The Big Techs are too Big!

Yesterday, after the market hours Apple, Alphabet, Amazon and Facebook reported their Q2 earnings of 2020. As millions of people have lost their jobs, it was interesting to see how the big tech giants of the US has fared during the worldwide pandemic.

Apple

Apple reported Q2 2020 results which destroyed the Wall Street estimates. Total net revenue of $59.7 billion was declared, which is a mighty 11% higher than what was recorded in the same period last year. Net profits also increased by 12% from $10.04 billion to $11.2 billion. The major chunk of the increase in revenue has come through the services domain. Revenue from the services segment has increased by 14% whereas from products segment has increased by 10%.

Better financial performance in the quarter has forced Earning per share to rise by almost 19% to reach $2.6. Again, the rise in EPS has beaten the estimates of Yahoo Finance data. 

“We’re conscious of the fact that these results stand in stark relief during a time of real economic adversity for businesses, large and small, and certainly for families. We do not have a zero-sum approach to prosperity, and especially in times like this, we are focused on growing the pie, making sure our success isn’t just our success.” – Chief Executive Officer Tim Cook.

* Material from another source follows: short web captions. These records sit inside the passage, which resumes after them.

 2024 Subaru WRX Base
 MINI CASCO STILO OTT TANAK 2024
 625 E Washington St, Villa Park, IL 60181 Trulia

Apple also delivered on its commitment to double its annual service revenue within four years. All this had a positive effect on the company’s stock price. Apple shares went up by 4.7% in after-hours trading. The booming performance in the stock market has prompted them to go for a stock split for the fifth time in their history.

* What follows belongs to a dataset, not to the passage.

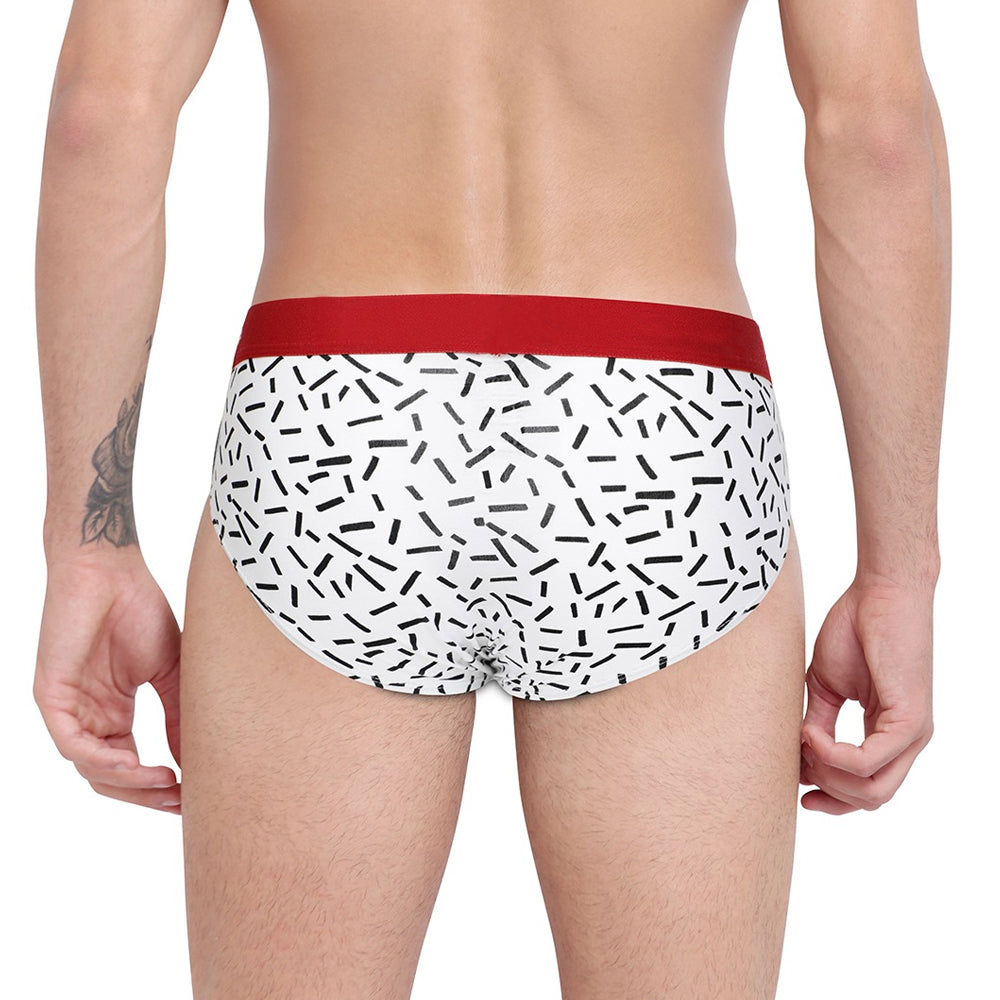 Men's Underwear Cotton made Soft Comfortable Men's Briefs Men Underwear for sale in bulk quantity underwear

The aim behind the stock split is to make the stock cheaply accessible to the investors who are interested to buy the stock. To know more about the stock split, click here. As coronavirus forced offices, schools and colleges to operate from home, demand for products like iPad and Mac surged. iPad had its best June quarter in eight years whereas the Mac had its second strongest quarter in its history.

Amazon

Amidst the global pandemic, when companies are reporting losses, Amazon has just declared the biggest profit in its 26-year history. As compared to the same quarter previous year, Amazon has reported an increase of 29% in their total revenues, from $63.2 billion to $88.9 billion. With the retail shops shut around the world and fears of stepping out in the mind of people has forced them to look for e-commerce to buy things. 

This has worked hugely in favours of Amazon whose Online grocery sales tripled year over year. Also, their streaming video platform has seen video hours doubled. The sales in online stores have increased exponentially by more than 48% to reach $45.9 billion in the second quarter. 

“Everyone was looking for masks; everyone was looking for gloves; everyone was buying groceries online. That mix is not super profitable,” he said. “What we saw in Q2 was not only did the mix start to shift back to a more normal mix” but that “we also were able to ship a lot more than we had originally thought.” – Brian Olsavsky, Amazon’s chief financial officer.

As the demand for online shopping increased, third-party merchants paid Amazon more to sponsor their products extensively. The companies worldwide are forced to shift to the online mode. Thus, Amazon’s cloud services also saw higher demand as the revenue from Amazon Web Services (AWS) increased by 28% $10.81 billion.

As the demand soared up, Amazon hired 175,000 people in recent months. The costs related to COVID-19 also increased as the company spent around $4 billion on protective equipment for staff. Yet, after incurring high operational expenses, Amazon was able to double in net profit from $26.2 billion to $52.4 billion in just one year.

Alphabet

Alphabet reported Q2 2020 earnings with a 2% dip in total revenue but still beating the street estimates. Total revenue and net income were amassed to be $38.3 billion and $6.96 billion in COVID-hit quarter. A big note of worry for the company is the falling revenue from Google ads for the second straight quarter. Revenue from google ads this quarter was $29.8 billion which is 8% less than what was amassed in the same quarter last year.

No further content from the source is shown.